**Provided data:**
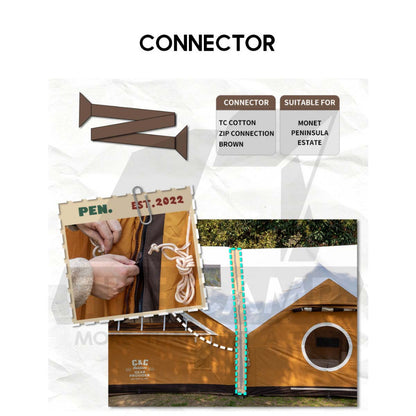 CC Pen 10 Inflatable Air Tent Accessories Retro Vintage Style Whimsical Outdoor Camping Pump Khemah Angin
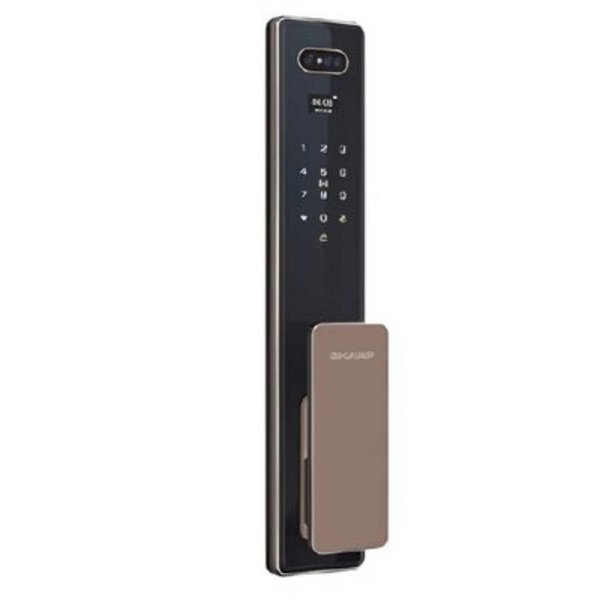 Khoá vân tay thông minh Sharp S6-FV Brown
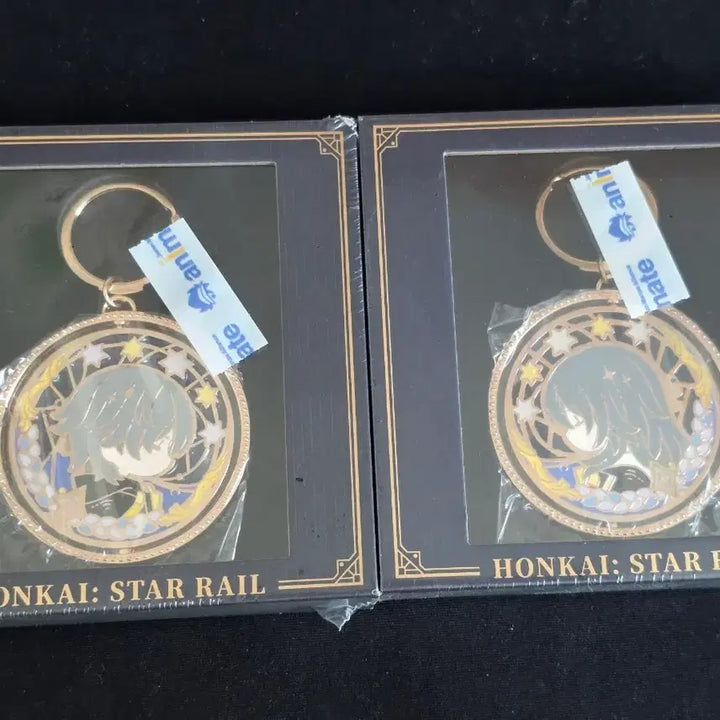 [BUNJANG] Honkai: Star Rail Trailblazer Double-Sided Keychain Set (Male &amp; Female) / 스타레일 개척자 양면 키홀더 키링 남척자 여척자 일괄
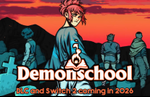 Demonschool is coming to Switch 2 and getting DLC this year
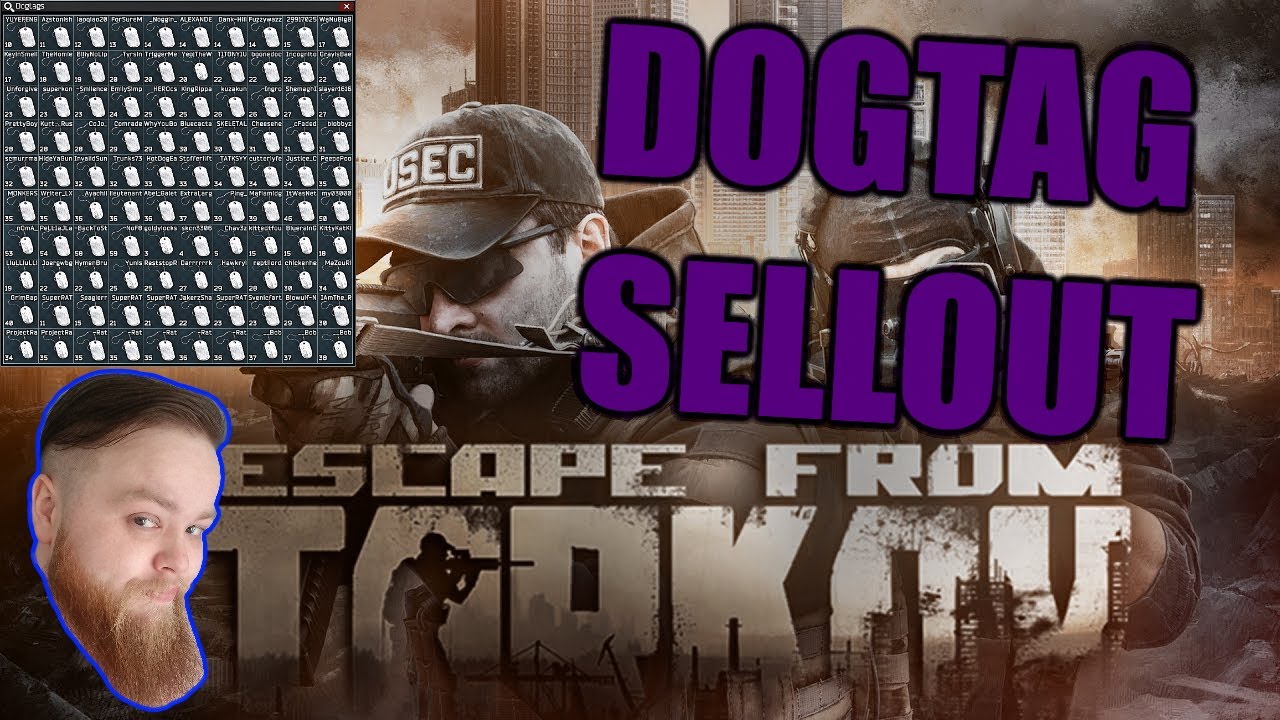 Dog Tag Case Sellout - Escape From Tarkov - YouTube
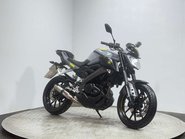 Yamaha MT-125 MT 125 2016 16K GPR EXHAUST NEW MOT SERVICED 125CC NAKED 2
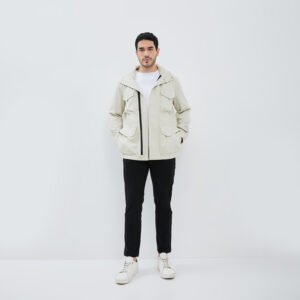 Jobb Orion Jacket Pria Regular Fit Light Beige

**Exercise description:**
Set all of the records down once more, letter for letter, with the images removed.

**Response to the task:**
 CC Pen 10 Inflatable Air Tent Accessories Retro Vintage Style Whimsical Outdoor Camping Pump Khemah Angin
 Khoá vân tay thông minh Sharp S6-FV Brown
 [BUNJANG] Honkai: Star Rail Trailblazer Double-Sided Keychain Set (Male &amp; Female) / 스타레일 개척자 양면 키홀더 키링 남척자 여척자 일괄
 Demonschool is coming to Switch 2 and getting DLC this year
 Dog Tag Case Sellout - Escape From Tarkov - YouTube
 Yamaha MT-125 MT 125 2016 16K GPR EXHAUST NEW MOT SERVICED 125CC NAKED 2
 Jobb Orion Jacket Pria Regular Fit Light Beige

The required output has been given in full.